Somewhere along the way, “training” and “tuning” became the
new “blockchain” and “microservices.” - widely used, poorly understood, and
dangerously overconfident.
Suddenly, every second delivery leader is saying things
like: “We should train our own model.” “Let’s tune it for better accuracy.”
"We trained the model for automation" ..etc
And I sit there thinking… Train what? Tune what? You have
not even tuned your sprint backlog properly.
The Problem Is not the Words, It’s the Blind Confidence. Look,
I am not against people learning new things. In fact, I encourage it.
But there is a difference between:
- Understanding
something vs
- Dropping
buzzwords in review meetings, exec presentations or client calls like
seasoning on biryani, except here,
it is all masala and no rice.
Right now, we have a wave of few “AI-aware” leaders who
believe:
- Uploading
data = Training a model
- Changing
a prompt = Tuning a model
If that were true, we would all be AI researchers by now.
So Let’s Fix This in Plain English: Forget jargon. Let me
explain this, the way it actually works.
What is Training a Model?
Training is where the real heavy lifting happens. Think of
it like teaching a child from scratch:
- You
show examples
- You
correct mistakes
- You
repeat… a lot
A model during training:
- Looks
at a huge amount of data
- Learns
pattern from that data
- Adjusts
its internal parameters (millions or billions of them)

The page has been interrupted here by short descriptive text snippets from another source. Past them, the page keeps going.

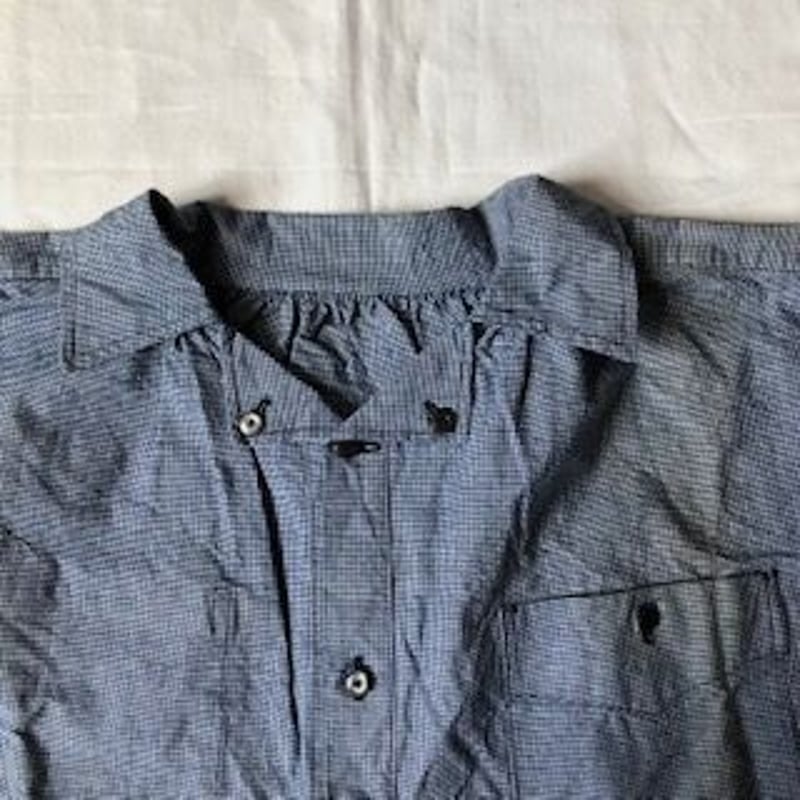 1930's Indigo Houndstooth Butcher Smock Dead St
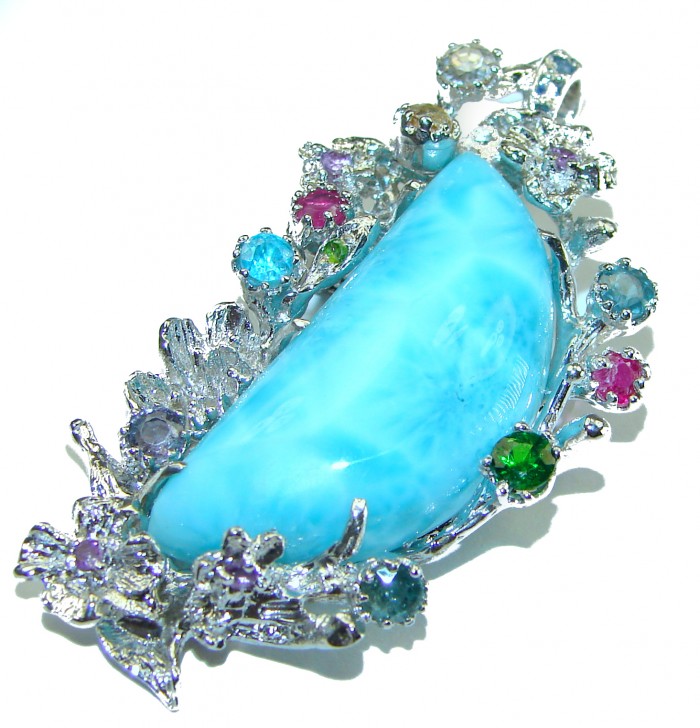 Caribbean Beauty genuine Blue Larimar .925 Sterling Silver handmade Pendant and Brooch - photo 2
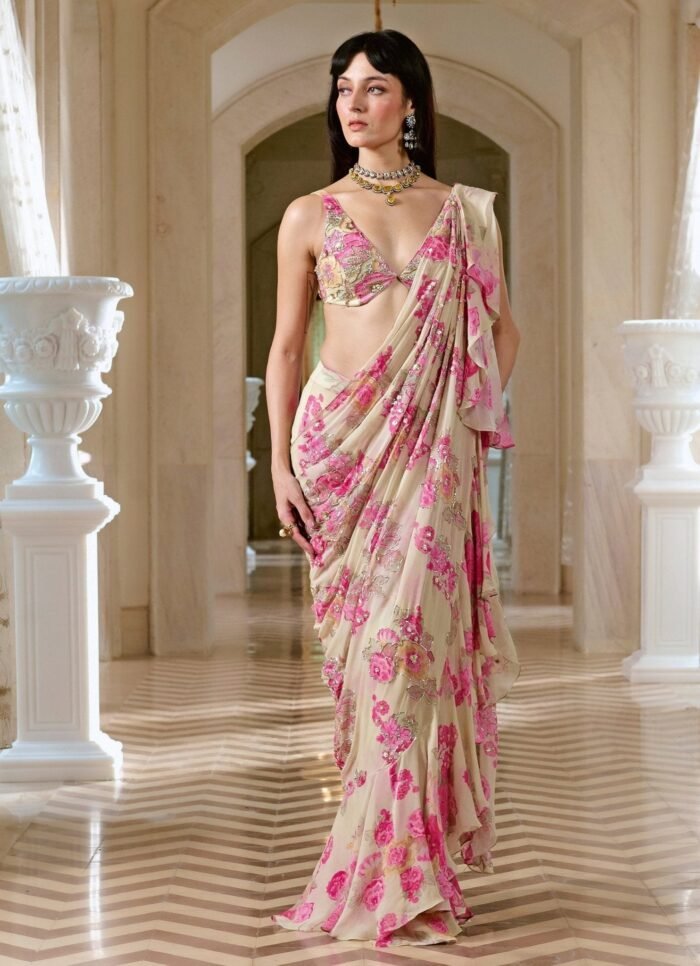 Ivory Floral Printed Georgette Predraped Ruffle Saree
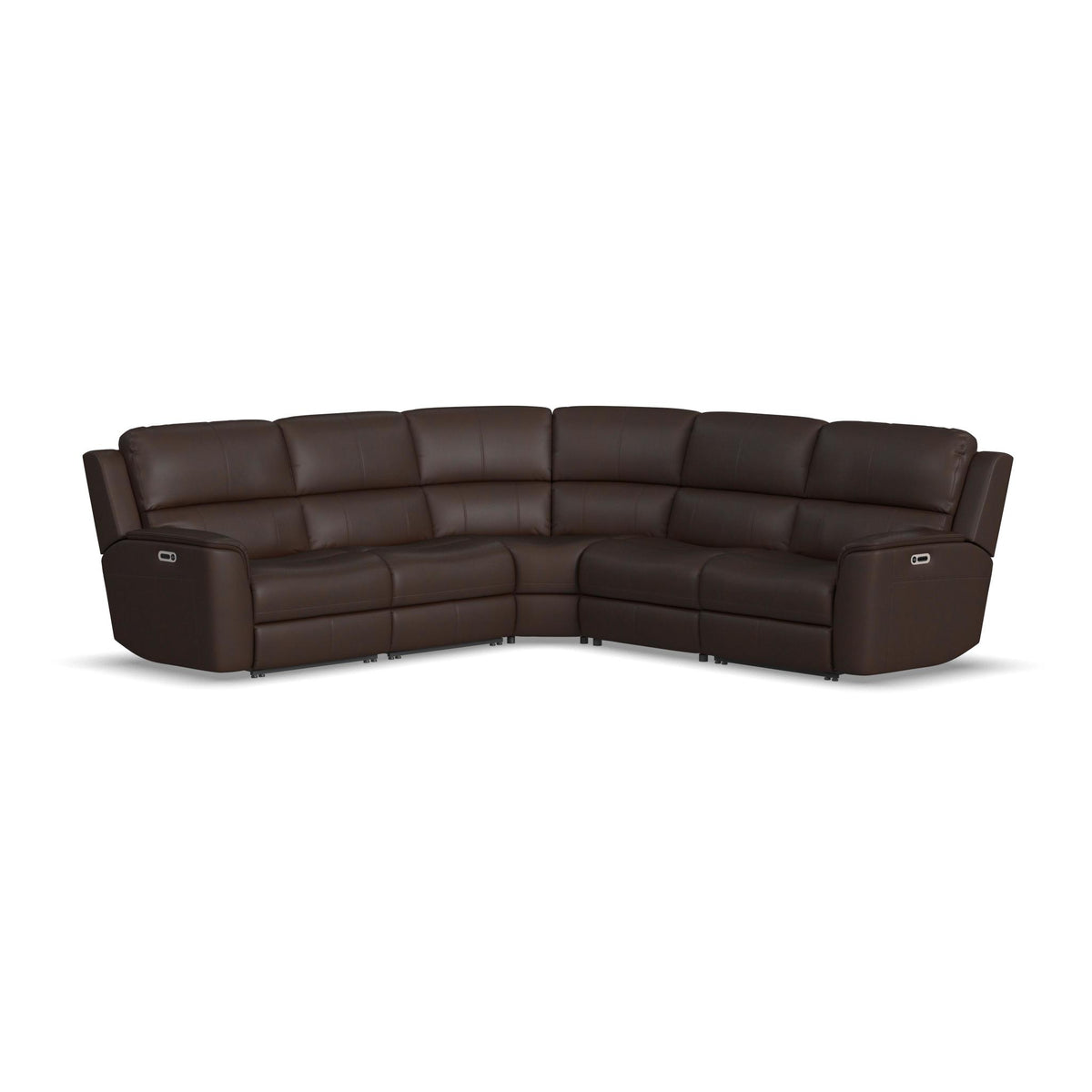 Henry Leather Power Reclining Sectional with Power Headrest & Lumbar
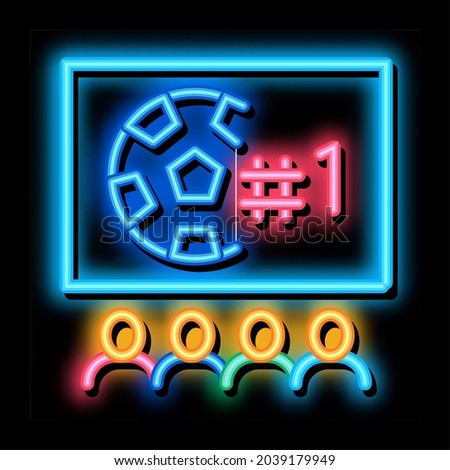 Football Fan Club neon light sign vector. Glowing bright icon Football Fan Club Sign. transparent symbol illustration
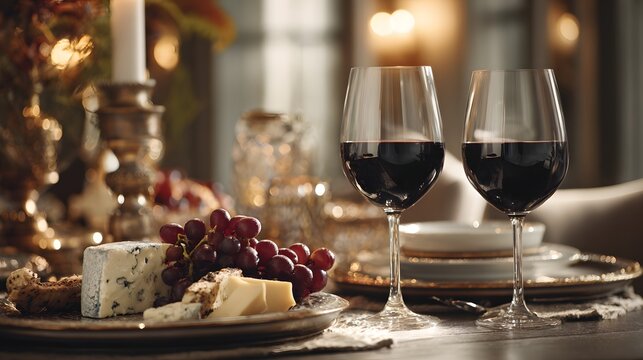 Two glasses of dark red wine accompany a platter of cheese and grapes on a formally set table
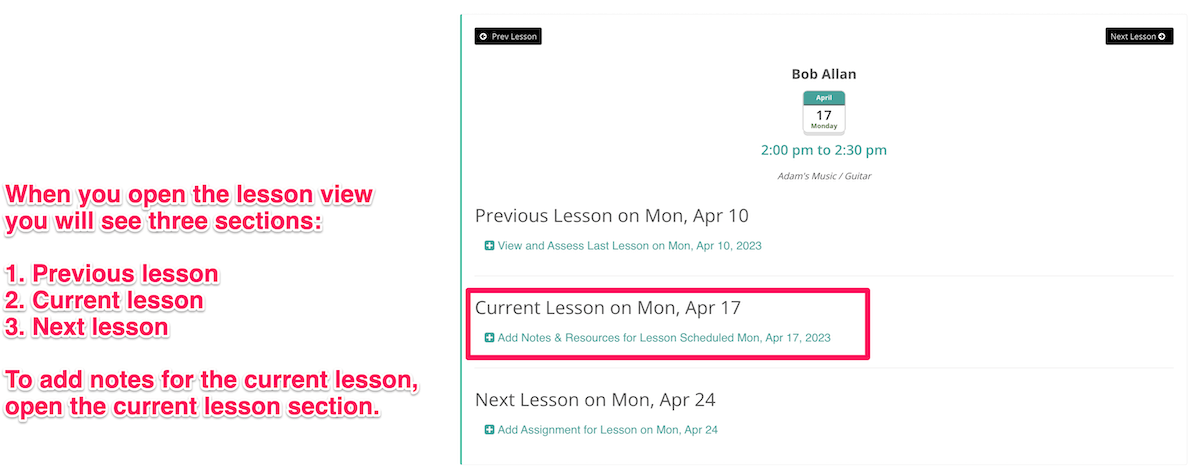 How to add a note to a music lesson on MusicTeacherNotes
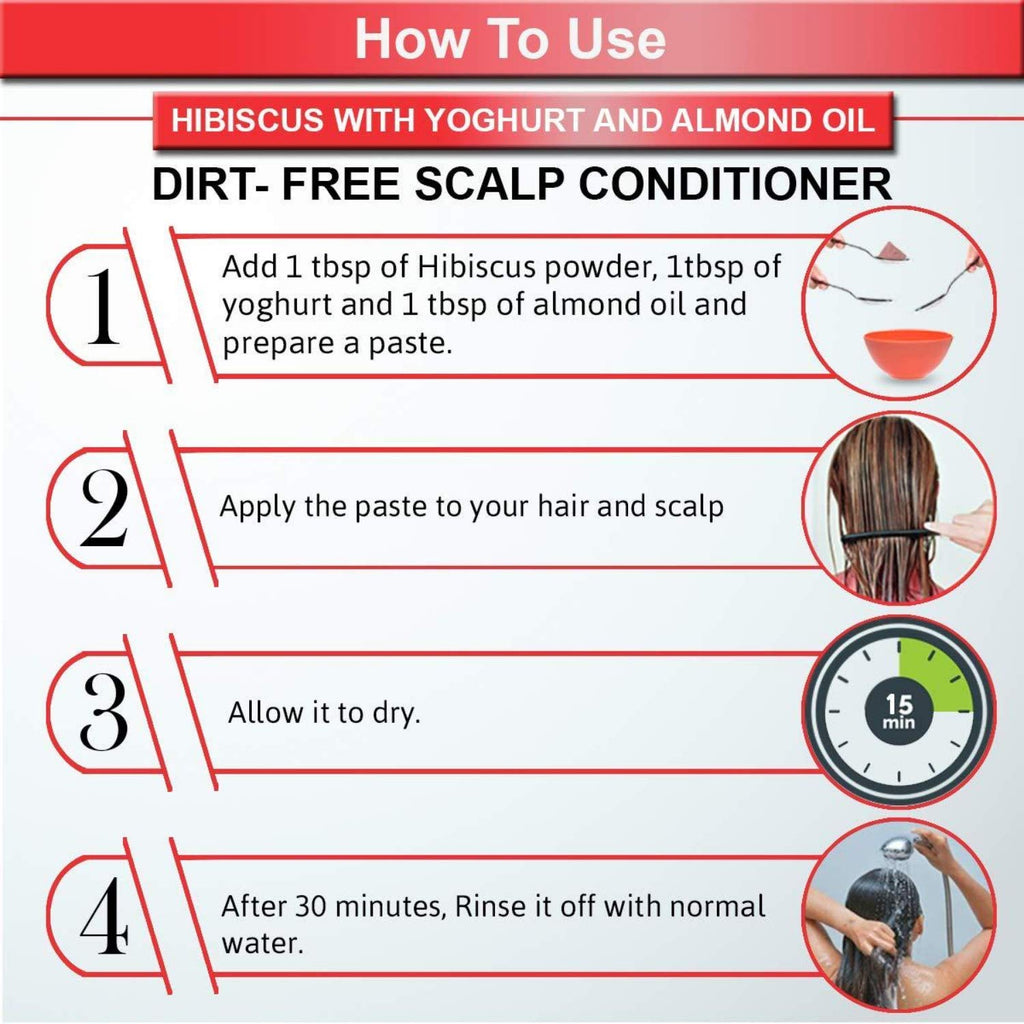 Instructions for using a dirt-free scalp conditioner with hibiscus, yogurt, and almond oil.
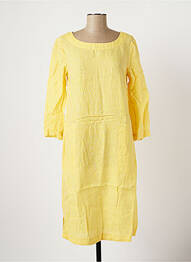 Robe mi-longue manches longues manches longues jaune COUTURIST femme
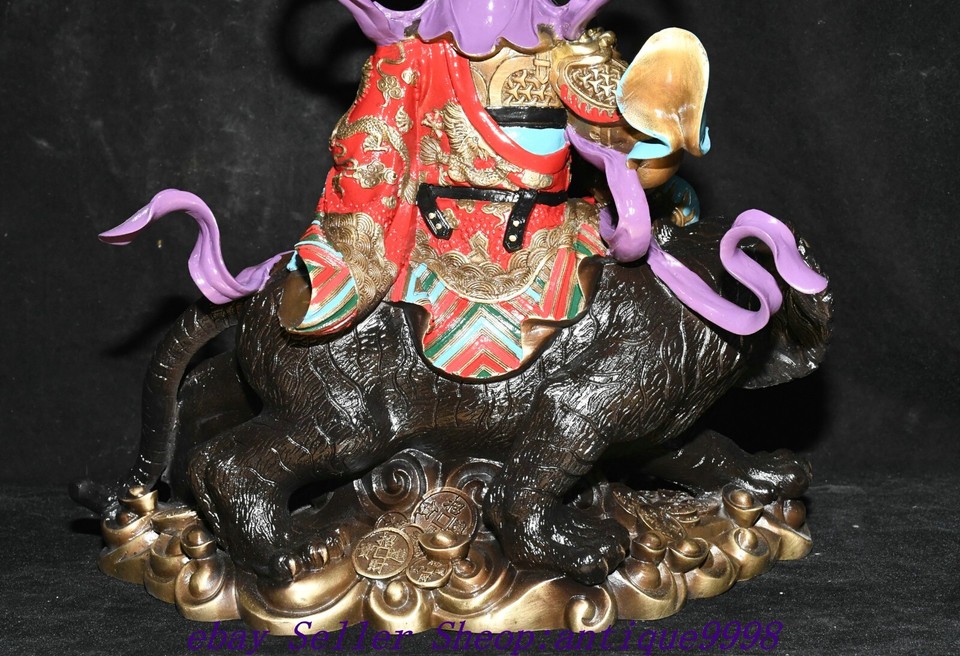 Old Chinese Copper Gilt Color Drawing Mammon Money Wealth God Ride ...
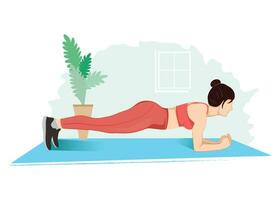 Woman doing plank exercise to make her body perfect vector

It is not just “feeding data.” It is mathematical
optimization at scale.
Simple analogy: Training a model is like: Teaching someone
an entire language from zero, grammar,
vocabulary, context, everything.
In reality, training involves:
- Massive
datasets
- GPUs
burning money like Diwali crackers
- Algorithms
adjusting weights through backpropagation
And yes… it is expensive, slow, and complex.
So next time someone says:
“Let’s just train our own model.” "We trained the model
to..."
You might want to ask:
“With what data, what infrastructure, and whose budget?”
What is Tuning a Model?
Now comes tuning, the part most people think they are
doing. Tuning is not building from scratch. It is refining something that
already exists. There are different levels of tuning:
1. Fine-Tuning
You take a pre-trained model and:
- Train
it further on specific data
- Make
it better at a particular task
Example: A general AI model → fine-tuned for legal contracts
2. Prompt Tuning (what most people actually do)
This is:
- Changing
how you ask questions
- Structuring
inputs better
Let’s be honest, this is what 80% of teams call “AI tuning.”
And there is nothing wrong with it. Just don’t call it “model tuning” in a
strategy meeting.
3. Parameter Tuning
Adjusting things like:
- Learning
rate
- Batch
size
- Model
behavior settings
This is closer to real ML work.
Here is what actually happening in most delivery teams:
And again, nothing is wrong with using APIs. Just don’t over
sell it like you have reinvented AI. This confusion is not just funny, it is dangerous.
Because:
- Clients
/ Business get unrealistic expectations
- Teams
get vague directions
- Budgets
get allocated blindly
And eventually… Someone has to explain why “training the
model” did not magically solve the problem.
When Should You Actually Train a Model?
Almost never (for most enterprises). You should consider
training only if:
- You
have massive proprietary data
- Off-the-shelf
models don’t work
- You
can afford infrastructure and expertise
Otherwise? Use existing models. Adapt them. Build solutions
around them.
When Should You Tune?
All the time, but
intelligently.
- Use
prompt engineering for quick wins
- Fine-tune
when domain specificity matters
- Optimize
based on real feedback, not assumptions
The Real Skill Is not Training, It’s Thinking
Here’s the uncomfortable truth: AI success is not about:
- Training
models
- Tuning
parameters
It is about:
- Defining
the right problem
- Using
the right approach
- Knowing
what not to build
In conclusion, the next time someone confidently says: “Let’s train and tune our own model or We have trained the model to... ”
Pause. Smile. And gently ask: “Are we building intelligence…
or just building slides?”
Because in today’s world, AI does not fail because of
technology. It fails because of vocabulary-driven Delivery Leadership.